His donation structure is simple: total donations of 5% of his current pre-tax salary, 4% to GiveWell and the additional 1% to be donated at his discretion in monthly installments.
He set up a fixed, recurring donation directly to GiveWell to spend on its internal grants. They constantly updates their allocations based on the charities effectiveness and current fundraising goals. The discretionary fund will go either to a cause recommended by a friend or colleague over the course of the month or, at the end of the month, to a cause we decide on together. This gives us another opportunity for reflection, to learn about new charities and their effectiveness.
Jay doesn’t have a fixed plan for growing his contributions regularly. We have talked about directly donating any future raises, which aligns with our minimalist lifestyle goals and also helps avoid lifestyle creep. We have yet to work out the details on this front.
As much as I like to think that giving time and effort are the most important things we can do, research on effective altruism proves me wrong. The social ills that effect society, both locally and globally, are increasingly complex and require dedicated experts to address them. Often, the best we can do is to donate to a good cause. (One of my classmates from Princeton took this approach to its logical extreme: he believes the most ethical choice for someone of his background and education is to make an obscene amount of money donate most of it.)
Though I respect that logic, I still find it comforting to think of other ways I can help create the kind of society I want to live in, if only as a personal exercise in cultivating compassion.
A few other things I want to do:
- Only participate in running races or CrossFit competitions with a charitable component. There are plenty of these around, so it’s a small sacrifice on my part, and it ensures that my personal spending overlaps (in part) with my charitable giving.
- Subscribe to newspapers. Not exactly charity in the strict sense, but I’ve already discussed my belief that good journalism is important to a free society.

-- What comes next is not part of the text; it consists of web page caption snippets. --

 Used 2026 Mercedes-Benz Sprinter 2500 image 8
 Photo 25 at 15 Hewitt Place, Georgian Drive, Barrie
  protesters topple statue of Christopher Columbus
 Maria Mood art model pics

- Be a mentor. Socioeconomic inequality effects poor kids in a lot of ways. One of them is lack of informal and formal mentors. One of the few things an individual can directly do for kids in socioeconomically disadvantaged communities is be a safe, reliable adult presence in their lives.

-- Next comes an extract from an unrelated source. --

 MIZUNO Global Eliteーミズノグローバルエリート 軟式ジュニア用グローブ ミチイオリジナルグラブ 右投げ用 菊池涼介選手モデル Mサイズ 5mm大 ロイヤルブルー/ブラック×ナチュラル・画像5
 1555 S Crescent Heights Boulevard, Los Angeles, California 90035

- Be informed. The more I learn about the world, whether chemistry or neuroscience or history, the less comfortable I feel making quick decisions and snap judgments about “right and wrong.”
- Challenge my beliefs. Get into discussions that make me uncomfortable. It’s easy to sit at home and think myself terribly clever. It’s much harder to let myself be yelled at and criticized.
I’m really glad Jay and I had this discussion this weekend. It’s not a topic that will ever be finalized, but it’s a start.
Update: Far from being finalized, we are already thinking of better ways to approach this question. Next up, how can we adjust our budget to meet the 10% baseline pledge for Giving What We Can? Then, how can we amp things up career-wise through advocacy and entrepreneurship a la 80,000 Hours? Highly recommend these resources if you are interested in effective altruism!